▸ REQUIRED WORK: Output, exactly as written, the lines below from the one that has "Cover page: Molecular" through the one that has "2027 Genesis GV70 3.5T PRESTIGE GRAPHITE"; nothing else, and no pictures.

▸ RECORDED DATA:
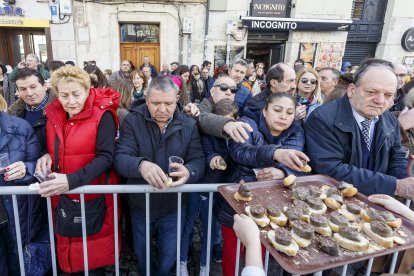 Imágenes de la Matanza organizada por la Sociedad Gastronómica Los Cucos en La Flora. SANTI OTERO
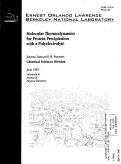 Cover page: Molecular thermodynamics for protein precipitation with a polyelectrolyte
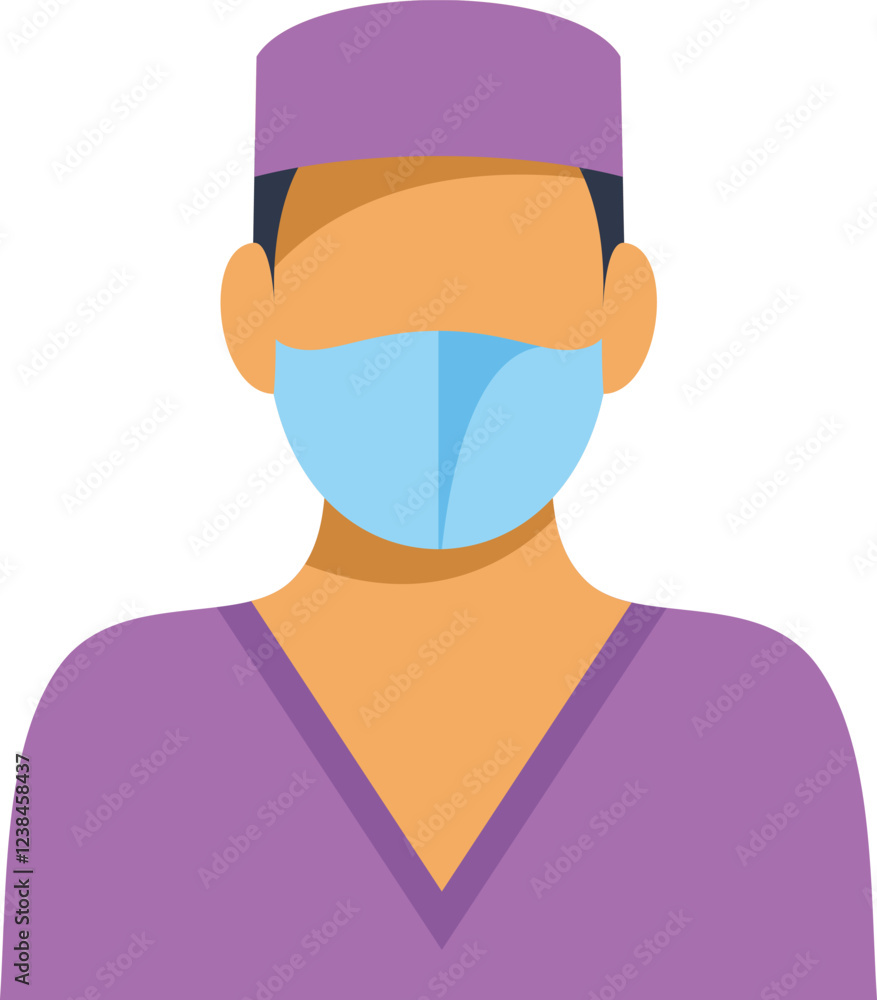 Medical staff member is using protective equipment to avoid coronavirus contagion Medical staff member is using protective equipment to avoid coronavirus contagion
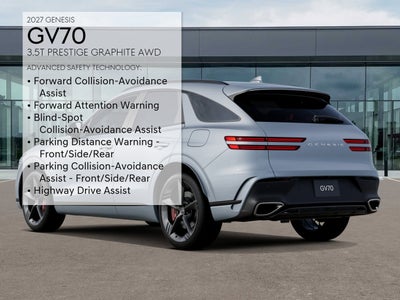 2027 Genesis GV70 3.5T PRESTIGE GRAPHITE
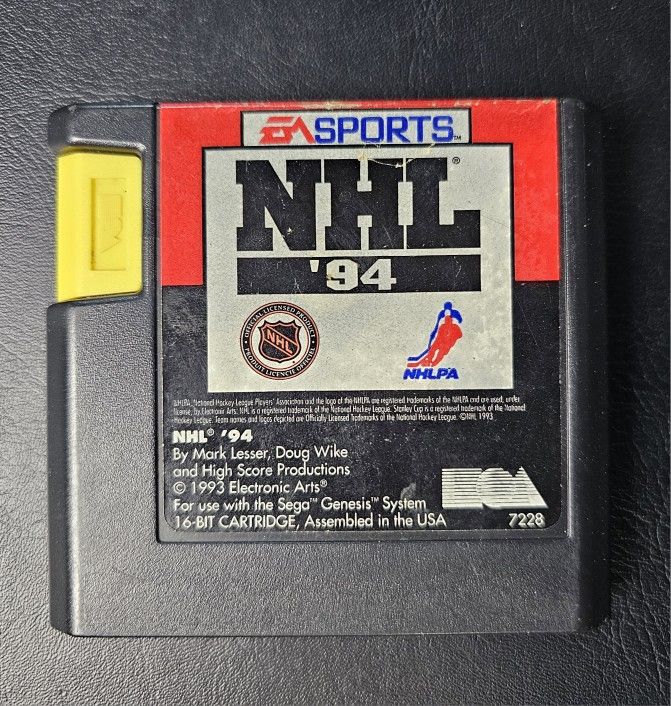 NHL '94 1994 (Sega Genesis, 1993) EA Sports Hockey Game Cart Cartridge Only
---
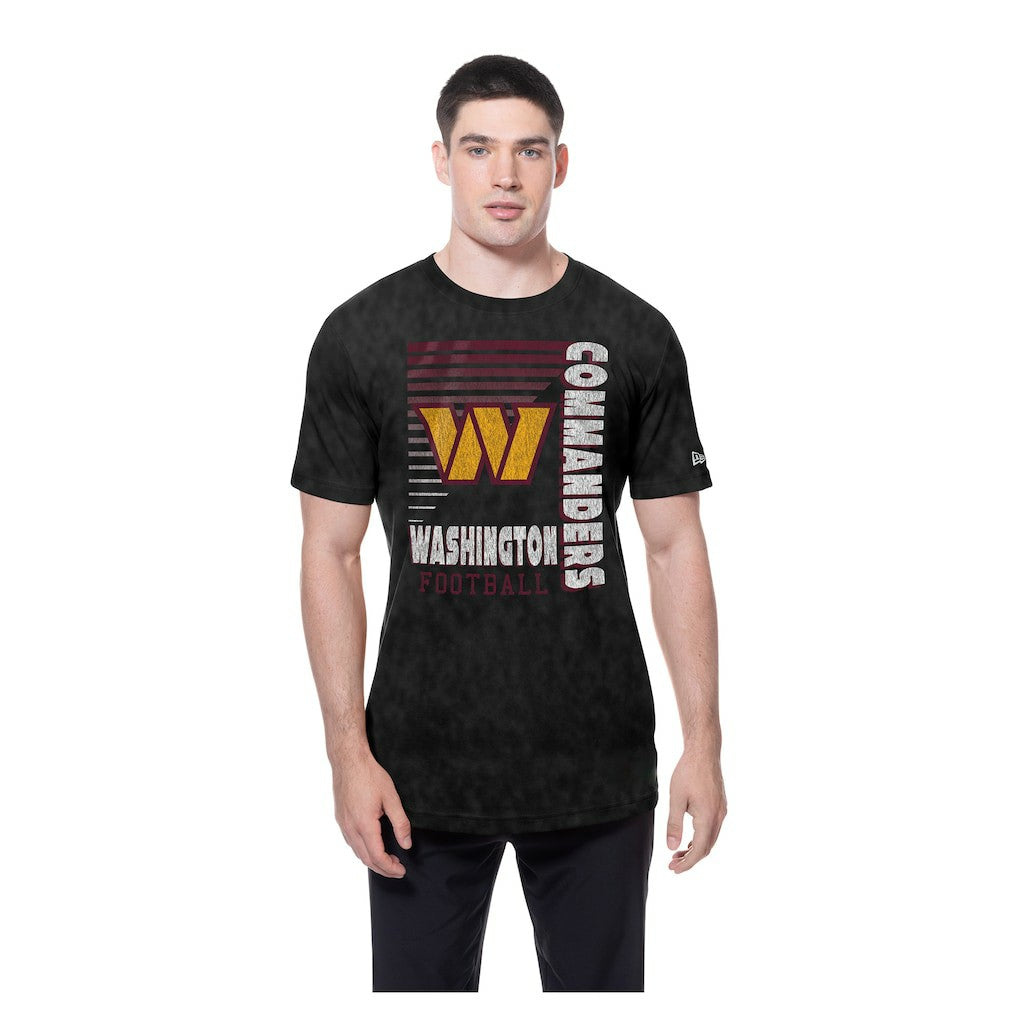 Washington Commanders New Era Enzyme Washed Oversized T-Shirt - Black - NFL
---
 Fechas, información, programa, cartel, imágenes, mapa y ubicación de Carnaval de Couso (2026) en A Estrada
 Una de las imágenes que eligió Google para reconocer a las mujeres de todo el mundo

▸ TASK RESPONSE:
 Cover page: Molecular thermodynamics for protein precipitation with a polyelectrolyte
 Medical staff member is using protective equipment to avoid coronavirus contagion Medical staff member is using protective equipment to avoid coronavirus contagion
 2027 Genesis GV70 3.5T PRESTIGE GRAPHITE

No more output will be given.